Sarvar Sabri is a Birmingham-based composer and a leading classical dance accompanist. He has worked with many prolific Kathak dancers in the UK from the stars of the traditional genre such as Pratap Pawar, to younger, contemporary dancers, including Akram Khan. Since settling in Britain in 1989, Sabri has been in great demand to perform as a soloist, accompanist to Indian classical dance, instrumental and vocal music as well as a fusion musician, pioneering Indo-Jazz.
Sabri is from an accomplished musical family in New Delhi, India; his father, Ustad Sabri Khan, is globally recognised as master of the sarangi (a sarangi has three main gut strings and about 37 sympathetic strings and is carved from wood).
Members of the Sabri family have played the ‘sarangi’, a difficult and highly regarded instrument, for seven generations though Sarvar Sabri chose to focus his musical energies on the tabla. Sabri’s brothers Gulfam and Kamal are also multi-talented vocalists and musicians, playing the santoor, tabla and sarangi between them.

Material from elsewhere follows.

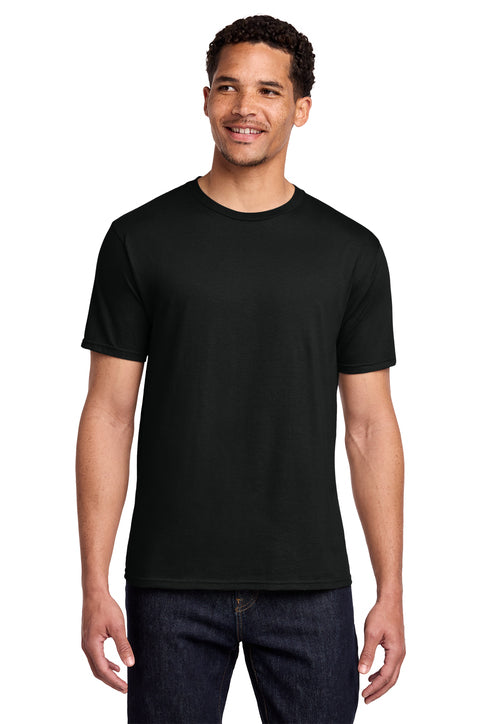 Port & Company® Fan Favorite™ Tee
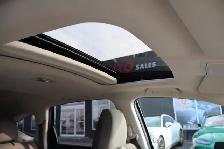 2014 Honda CR-V - Photo 20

In India, Sabri was schooled by the best tabla masters, and won a government scholarship to study under one of the greatest music teachers in India, Ustad Bundu Khan. However, Sabri’s father knew only too well the hardships of being a musician and urged his son to follow an alternative career path. By 1980, Sabri had earned two degrees, in commerce and in music from universities in India.